■ **RECORDED DATA**:
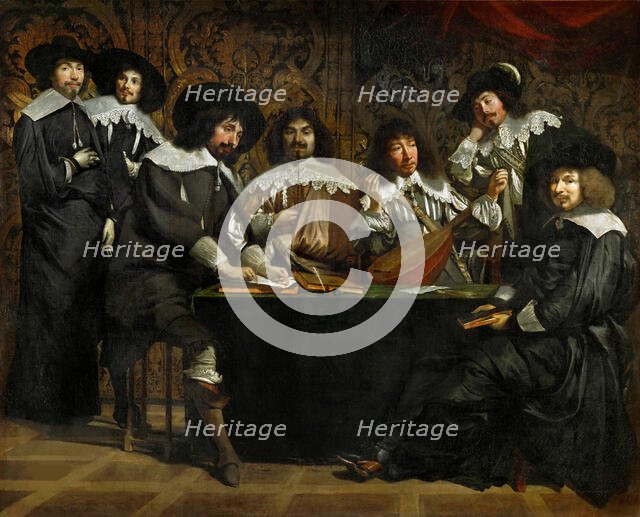 L'Académie (The Academy), c. 1640. Creator: Le Nain, Louis (1593-1648).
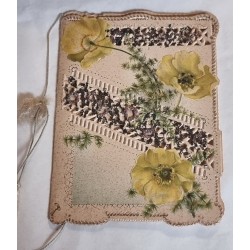 Antikt konfirmationskort fra 1898, h: 12,5 cm.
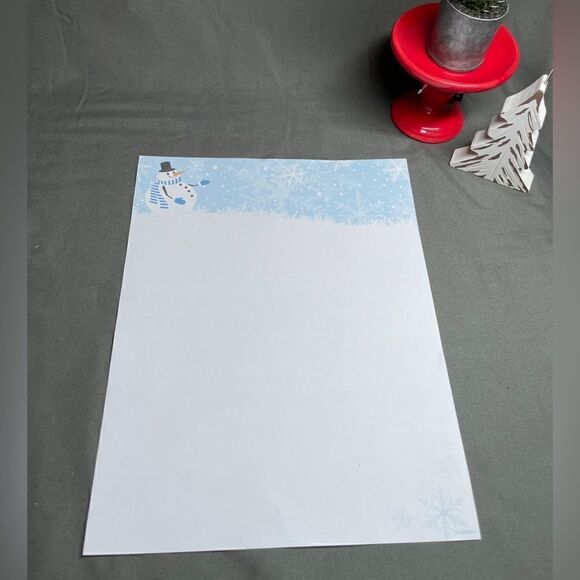 ☃️❄️☃️24 NEW Snowman Header Holiday Letterhead New Stock 24 New Sheets NWOT Bun - Picture 1 of 4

■ **TASK ITEM**: Copy the material shown above in full and exactly. Skip the pictures.

■ **ANSWER AREA**:
 L'Académie (The Academy), c. 1640. Creator: Le Nain, Louis (1593-1648).
 Antikt konfirmationskort fra 1898, h: 12,5 cm.
 ☃️❄️☃️24 NEW Snowman Header Holiday Letterhead New Stock 24 New Sheets NWOT Bun - Picture 1 of 4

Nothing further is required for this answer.